Apples Contain a Unique Fiber That Feeds the Probiotics in Your Gut
- Published on: 09 December, 2018
- Last update: 09 December, 2018
Did you know that apples contain one of the greatest types of fiber known to man? This fiber is formally known as a substance called pectin, which has the ability to bind not only heavy metals like mercury, but LDL cholesterol as well!
As apple pectin moves through your digestive tract, both the cholesterol and metals are safely removed from the body.
Pectin also acts as a highly valuable prebiotic fiber that selectively feeds the good bacteria in your gut, while actively fighting and reducing pathogenic bacteria.
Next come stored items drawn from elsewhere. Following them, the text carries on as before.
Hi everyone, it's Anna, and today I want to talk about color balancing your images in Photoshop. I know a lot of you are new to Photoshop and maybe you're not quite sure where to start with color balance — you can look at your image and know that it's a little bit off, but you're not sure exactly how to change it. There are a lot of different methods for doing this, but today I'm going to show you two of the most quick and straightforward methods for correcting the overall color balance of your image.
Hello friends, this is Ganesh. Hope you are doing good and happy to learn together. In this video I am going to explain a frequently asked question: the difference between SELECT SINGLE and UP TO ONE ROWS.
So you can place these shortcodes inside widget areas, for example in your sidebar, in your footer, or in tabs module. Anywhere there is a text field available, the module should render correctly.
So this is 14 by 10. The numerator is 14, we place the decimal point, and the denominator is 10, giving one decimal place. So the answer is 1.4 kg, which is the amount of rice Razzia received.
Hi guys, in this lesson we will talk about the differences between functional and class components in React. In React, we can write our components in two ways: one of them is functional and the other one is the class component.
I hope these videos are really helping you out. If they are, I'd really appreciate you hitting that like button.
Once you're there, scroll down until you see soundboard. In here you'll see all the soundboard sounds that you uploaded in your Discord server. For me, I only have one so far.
For those with long-standing gut issues, there is no greater “superfood” than the common apple (see my post on applesauce for leaky gut here). Pectin’s last great feat is its ability to act as a highly accessible fuel that your gut cells can instantly use to heal and regenerate. As apples are stewed during the process of making applesauce, the skin begins to shimmer, signaling that pectin has been released from the inside of the apple and is now available on the surface.
As your ‘good bugs’ eat up apple pectin, they produce SCFAs (short chain fatty acids) that benefit the lining of your colon. These SCFAs acids also promote epithelial growth of the cells in the intestines, leading to repair and regeneration of the gut.
Lastly, apples are an excellent remedy for constipation, as the pectin supports digestive transit by swelling in the digestive tract, increasing the bulk of your stool and making it softer/easier to pass. They are one of my favorite foods on the planet (and were well-loved by my grandmother as well).